Looking over the list of 24 managers in Cooperstown, it is comprised of names like Connie Mack, John McGraw and Casey Stengel — in short, legends.  Currently, there are four enshrined managers who did their best work in the era of Mauch, Murtaugh, Herzog and Martin: Walt Alston, Sparky Anderson, Earl Weaver, and Dick Williams.   The first three seem like logical choices, near institutions as managers in their respective cities, each winners of multiple World Series.  On the other hand, Williams strikes me as someone who just happened onto a great situation with the powerhouse Oakland Athletics of the early 1970s.  He’s probably still more qualified than any of the four new candidates to be in the Hall.

The feeling here is that Herzog will probably be enshrined.  He made a couple of World Series as manager of the St. Louis Cardinals back in the ’80s.  Moreover, the Veteran’s Committee is made up of former players and tends to be soft on likable, establishment-friendly candidates.  Late, great Los Angeles Times columnist Jim Murray probably put it best, in a 1978 column: “To get into the Baseball Writers’ wing of the Hall of Fame, you better be Babe Ruth.  Or better.  To get in the veterans’ wing, all you have to be is a crony.” And Herzog is a baseball man if there ever was one.  He even titled his autobiography You’re Missing a Great Game (I’m titling mine Ask Me a World Series Winner From Any Year. I say this all the time to people that I meet, even at job interviews.)

Now granted, if there were a Hall of Fame for legendary characters of the sport, Martin would be a first ballot inductee.  But the Hall is about results, first and foremost, and Martin managed too many different teams and was always good, but never great.  Like Williams, he did his best work for another hugely talented team — the New York Yankees of the late ’70s — that probably could have been managed by just about anyone.  And Martin had too abrasive of a personality to make an attractive Veteran’s Committee pick.  Something doesn’t feel quite right here.
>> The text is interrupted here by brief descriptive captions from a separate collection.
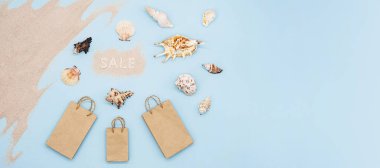 Yaz indirimi konsepti, tanıtım broşürleri. Alışveriş çantalarının yaratıcı yerleşimi, satış - kelime, deniz kabukları ve pastel mavi arka plan üzerindeki kumlar.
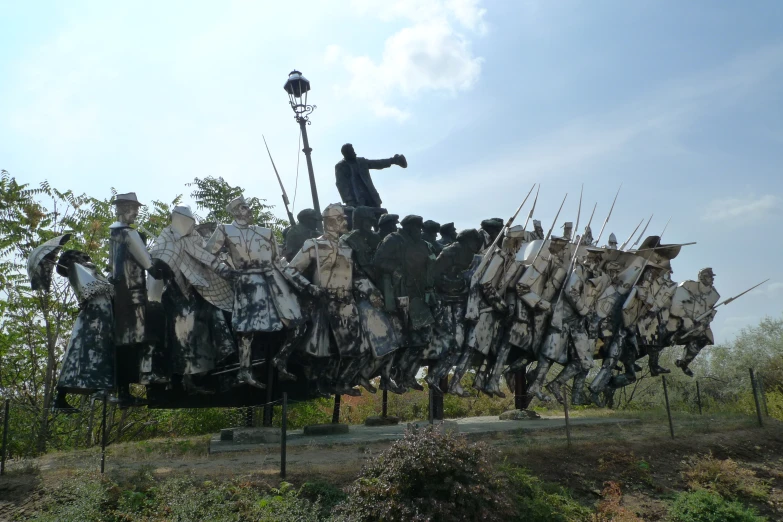 sculpture with two men holding up large group of cloths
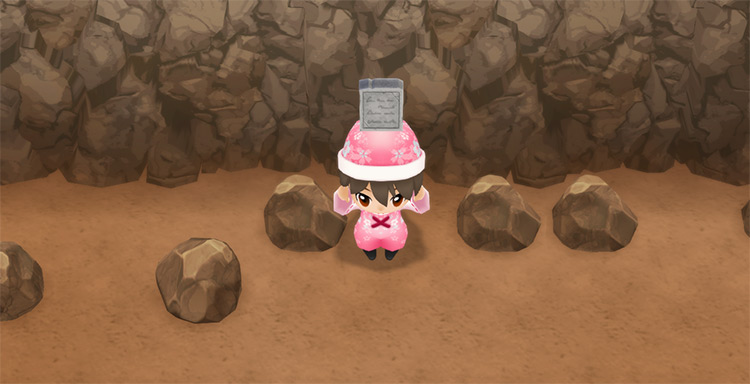 The farmer digs up the Tomatosetta Stone in the Spring Mine. / Story of Seasons: Friends of Mineral Town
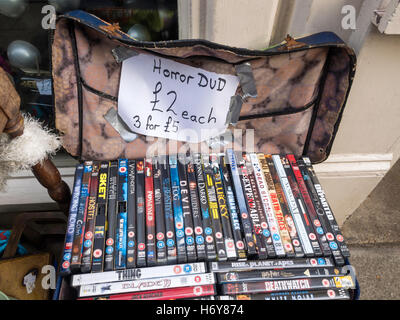 A box of used  Horror DVD's outside a shop in Whitby North Yorkshire UK Stock Photo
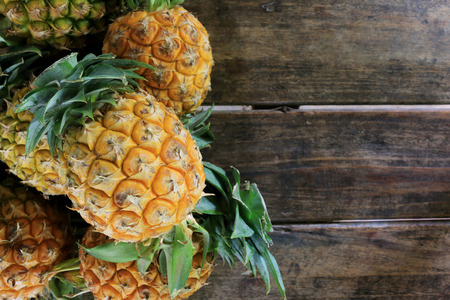 Pineapple on wooden grunge backgroundの写真素材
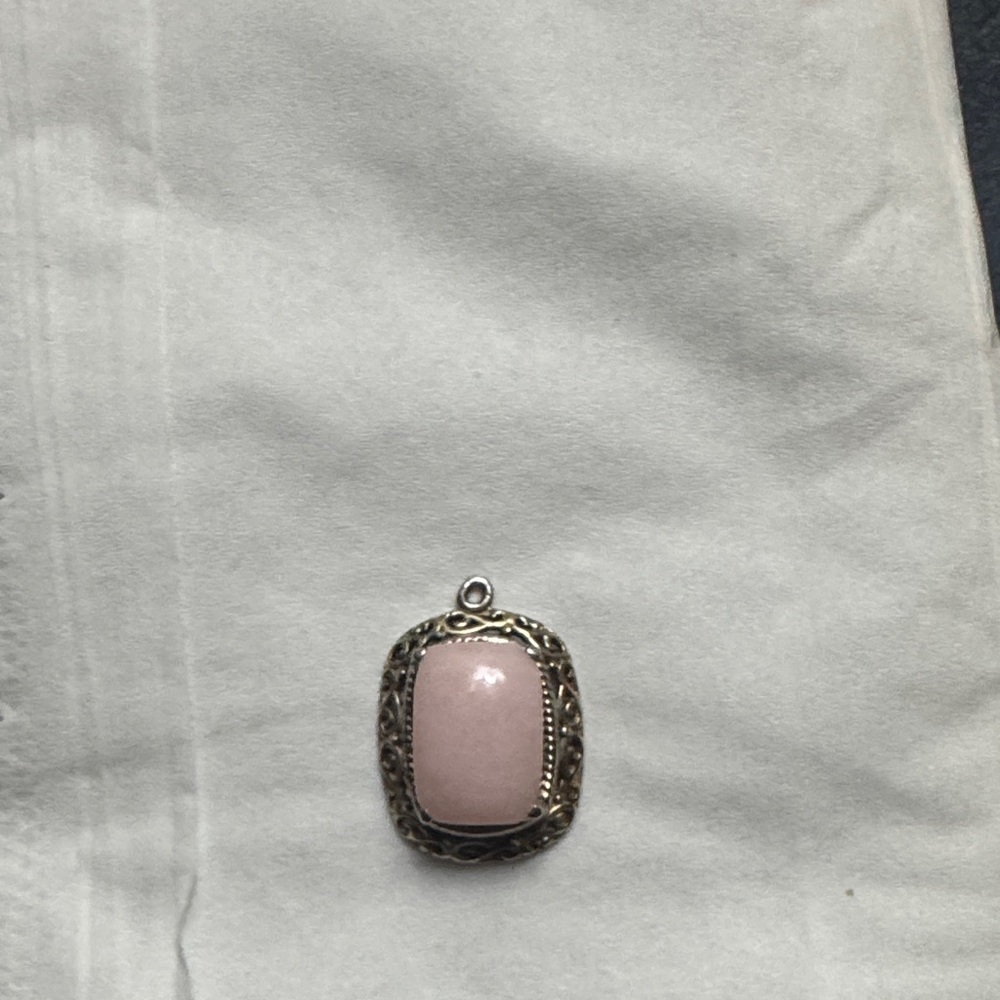 Vintage sterling silver pendant with a pink cabochon stone.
It will be interesting to see who makes the Hall of Fame out of the current crop of managers.  My money is on Joe Torre, Tony LaRussa, and Bobby Cox.  Lou Piniella  could be a Veteran’s Committee pick, as could the retired Tom Kelly, though even that seems a slight stretch.  On the other hand, there are a number of Mauchs and Murtaughs managing today.  They are the Bruce  Bochys, Dusty Bakers and Bud Blacks of the sport.  Competent? Likable? Long-tenured?  Yes.  Future Hall of Famers?  Probably not.  They could probably feature prominently in some kind of B-Level Hall of Fame but that’s fodder for another post entirely.

Coach McGwire

Yesterday came the news that Mark McGwire will be joining the St. Louis Cardinals as their new hitting coach.  Much of the news centered around ongoing – and very probable – speculation that McGwire used performance enhancing drugs during his career.  But hey, as Big Mac would say to Congress, I’m not here to talk about the past.  That’s because I was more struck by a different aspect of this story.  What interested me is that McGwire is yet another great hitter gone on to coach. Based on what I know of baseball history, more times than not, this doesn’t seem to work out.

The feeling here is that the best coaches are generally not former star players.  For instance, the most-successful hitting coaches I can think of, Rudy Jaramillo of the Chicago Cubs and the late, great Charley Lau, who coached George Brett with the Kansas City Royals had only marginal professional careers.  Meanwhile, there’ve been a myriad number of former stars, who’ve tried and failed to coach.  Granted, there have been some isolated success stories.  Ted Williams turned the expansion Washington Senators into a brief contender in the late 1960s, Rod Carew did good work with the Angels, and Don Baylor parlayed a couple of coaching stints into a managerial career.  But I can compile a far lengthier list of failures.  They include:

Babe Ruth: Hired as a first base coach for the Brooklyn Dodgers in 1938, Ruth’s job was more to hit home runs in batting practice.  He lasted one season.

Yogi Berra: The story I heard with Berra seems to be an issue common to lots of former stars: He could do the work himself better than he could teach it, and it frustrated him to stop and try explaining what came so natural to him.

Reggie Jackson: Jackson became a hitting coach for the Oakland Athletics, after he wrapped up his playing career with them.  The job went so well that Jackson chose to wear a Yankees hat for his Hall of Fame induction in 1993, two years after the A’s fired him.

–and–

Bobby Bonds: Bonds was hired more as a favor, after the San Francisco Giants signed Bonds’ son Barry prior to the 1993 season.  The elder Bonds did get some commendable results with Matt Williams, having the Giants slugger hitting at a .336 clip in 1995, before he went down injured.  But that was Bonds’ high-water mark as the Giants hitting coach.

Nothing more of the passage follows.